Le comité ne peut ni recommander ni utiliser convenablement ce rapport en vue de procéder à un examen du projet de loi S-236. Les questions qui ne concernent que l’Île-du-Prince-Édouard et qui constituent l’unique objet du projet de loi S-236 ont été intégrées dans un examen national. L’examen national ne contient aucune analyse fiscale. De plus, il ne se penche pas sur les répercussions des autres solutions possibles pour les clients du régime d’assurance-emploi relativement à la prestation des services et, en particulier, à la dotation.
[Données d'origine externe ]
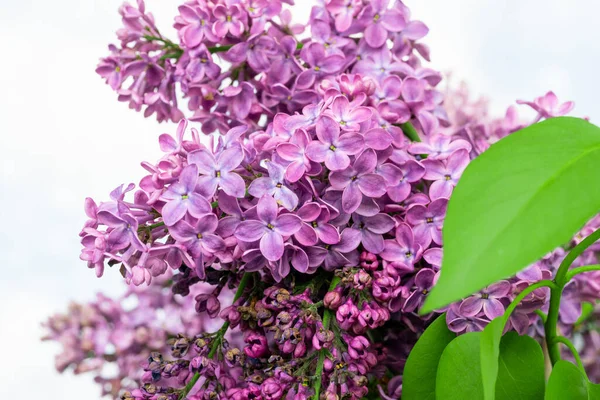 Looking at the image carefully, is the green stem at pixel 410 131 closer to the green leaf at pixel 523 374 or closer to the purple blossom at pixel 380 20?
the purple blossom at pixel 380 20

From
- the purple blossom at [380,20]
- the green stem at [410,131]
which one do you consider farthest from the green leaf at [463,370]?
the purple blossom at [380,20]

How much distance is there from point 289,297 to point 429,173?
0.64ft

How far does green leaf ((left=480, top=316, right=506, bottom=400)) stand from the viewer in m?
0.53

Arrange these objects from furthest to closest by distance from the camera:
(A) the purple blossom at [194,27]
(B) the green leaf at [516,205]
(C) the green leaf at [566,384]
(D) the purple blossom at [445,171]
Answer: (A) the purple blossom at [194,27]
(D) the purple blossom at [445,171]
(C) the green leaf at [566,384]
(B) the green leaf at [516,205]

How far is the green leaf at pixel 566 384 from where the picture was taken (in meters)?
0.64

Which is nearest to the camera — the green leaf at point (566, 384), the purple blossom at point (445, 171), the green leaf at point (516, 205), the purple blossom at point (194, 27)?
the green leaf at point (516, 205)

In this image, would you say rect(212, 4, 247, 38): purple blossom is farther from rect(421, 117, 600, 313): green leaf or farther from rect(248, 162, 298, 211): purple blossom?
rect(421, 117, 600, 313): green leaf

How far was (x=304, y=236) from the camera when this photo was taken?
2.24ft

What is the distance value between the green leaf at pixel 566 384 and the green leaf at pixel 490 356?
97mm

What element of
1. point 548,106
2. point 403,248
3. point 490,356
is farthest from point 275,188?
point 548,106

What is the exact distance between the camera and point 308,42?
0.89 meters

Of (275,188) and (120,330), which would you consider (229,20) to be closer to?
(275,188)

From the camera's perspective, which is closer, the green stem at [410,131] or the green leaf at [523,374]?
the green leaf at [523,374]

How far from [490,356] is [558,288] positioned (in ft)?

Le manque d’homogénéité dans le rapport est mis en évidence lorsque l’analyse est appliquée à l’Île-du-Prince-Édouard, sans aucune évaluation selon laquelle, dans le cas de l’application de ces limites, les personnes ont des qualifications et des prestations différentes de part et d’autre de la rue.
De plus, le rapport reposait sur le principe d’une réinitialisation des données tous les cinq ans plutôt que sur les données les plus récentes de Statistique Canada. Il n’est pas assez souple pour refléter ou reconnaître adéquatement les environnements socioéconomiques en évolution rapide. L’Île-du-Prince-Édouard en est un parfait exemple. Malgré la position d’Emploi et Développement social Canada, la situation en matière d’emploi à l’Île-du-Prince-Édouard a rapidement évoluée vers une situation de quasi plein emploi. Le régime d’assurance-emploi ne s’adapte pas assez rapidement aux circonstances actuelles et aux régions.
Actuellement, certaines régions manquent cruellement de main-d’œuvre et d’autres sont confrontées à de graves pénuries d’emplois, et le régime d’assurance-emploi ignore cette réalité. Cela est particulièrement évident dans le cas de l’Île-du-Prince-Édouard.